What is expected: Which lines make up the answer? Those from the line with "تفتيش طلاب الثانوية" through the end of the data; reproduce them exactly.

Entries shown:
——

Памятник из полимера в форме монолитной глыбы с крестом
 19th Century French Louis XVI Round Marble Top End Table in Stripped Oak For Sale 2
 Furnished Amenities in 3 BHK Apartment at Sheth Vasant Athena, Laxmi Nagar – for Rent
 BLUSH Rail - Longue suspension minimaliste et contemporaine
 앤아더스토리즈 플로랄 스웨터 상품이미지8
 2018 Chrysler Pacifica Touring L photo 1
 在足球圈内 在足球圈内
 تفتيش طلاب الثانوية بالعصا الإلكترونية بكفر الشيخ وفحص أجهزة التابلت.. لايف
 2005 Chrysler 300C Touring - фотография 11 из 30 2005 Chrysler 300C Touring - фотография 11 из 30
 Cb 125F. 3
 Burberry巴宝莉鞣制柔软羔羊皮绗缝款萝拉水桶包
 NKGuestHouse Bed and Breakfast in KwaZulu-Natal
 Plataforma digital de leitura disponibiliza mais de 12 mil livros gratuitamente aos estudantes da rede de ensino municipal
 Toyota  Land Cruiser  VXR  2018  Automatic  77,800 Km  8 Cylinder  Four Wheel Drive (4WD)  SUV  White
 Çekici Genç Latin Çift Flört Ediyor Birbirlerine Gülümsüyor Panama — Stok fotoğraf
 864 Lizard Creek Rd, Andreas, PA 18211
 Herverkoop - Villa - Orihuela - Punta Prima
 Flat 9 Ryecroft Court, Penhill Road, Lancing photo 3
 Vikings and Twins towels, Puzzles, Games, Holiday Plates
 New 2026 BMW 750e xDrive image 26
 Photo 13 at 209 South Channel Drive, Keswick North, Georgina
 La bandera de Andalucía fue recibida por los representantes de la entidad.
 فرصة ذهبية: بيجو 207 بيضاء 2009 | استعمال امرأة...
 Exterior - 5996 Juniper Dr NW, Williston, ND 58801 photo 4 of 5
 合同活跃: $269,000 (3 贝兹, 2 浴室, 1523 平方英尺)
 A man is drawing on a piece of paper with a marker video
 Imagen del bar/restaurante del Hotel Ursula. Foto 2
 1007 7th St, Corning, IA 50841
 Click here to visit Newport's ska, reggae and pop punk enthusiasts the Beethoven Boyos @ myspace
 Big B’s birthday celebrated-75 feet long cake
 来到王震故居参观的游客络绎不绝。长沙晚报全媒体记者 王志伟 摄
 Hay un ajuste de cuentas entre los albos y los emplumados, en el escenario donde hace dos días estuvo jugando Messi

——

Response to the task:
 تفتيش طلاب الثانوية بالعصا الإلكترونية بكفر الشيخ وفحص أجهزة التابلت.. لايف
 2005 Chrysler 300C Touring - фотография 11 из 30 2005 Chrysler 300C Touring - фотография 11 из 30
 Cb 125F. 3
 Burberry巴宝莉鞣制柔软羔羊皮绗缝款萝拉水桶包
 NKGuestHouse Bed and Breakfast in KwaZulu-Natal
 Plataforma digital de leitura disponibiliza mais de 12 mil livros gratuitamente aos estudantes da rede de ensino municipal
 Toyota  Land Cruiser  VXR  2018  Automatic  77,800 Km  8 Cylinder  Four Wheel Drive (4WD)  SUV  White
 Çekici Genç Latin Çift Flört Ediyor Birbirlerine Gülümsüyor Panama — Stok fotoğraf
 864 Lizard Creek Rd, Andreas, PA 18211
 Herverkoop - Villa - Orihuela - Punta Prima
 Flat 9 Ryecroft Court, Penhill Road, Lancing photo 3
 Vikings and Twins towels, Puzzles, Games, Holiday Plates
 New 2026 BMW 750e xDrive image 26
 Photo 13 at 209 South Channel Drive, Keswick North, Georgina
 La bandera de Andalucía fue recibida por los representantes de la entidad.
 فرصة ذهبية: بيجو 207 بيضاء 2009 | استعمال امرأة...
 Exterior - 5996 Juniper Dr NW, Williston, ND 58801 photo 4 of 5
 合同活跃: $269,000 (3 贝兹, 2 浴室, 1523 平方英尺)
 A man is drawing on a piece of paper with a marker video
 Imagen del bar/restaurante del Hotel Ursula. Foto 2
 1007 7th St, Corning, IA 50841
 Click here to visit Newport's ska, reggae and pop punk enthusiasts the Beethoven Boyos @ myspace
 Big B’s birthday celebrated-75 feet long cake
 来到王震故居参观的游客络绎不绝。长沙晚报全媒体记者 王志伟 摄
 Hay un ajuste de cuentas entre los albos y los emplumados, en el escenario donde hace dos días estuvo jugando Messi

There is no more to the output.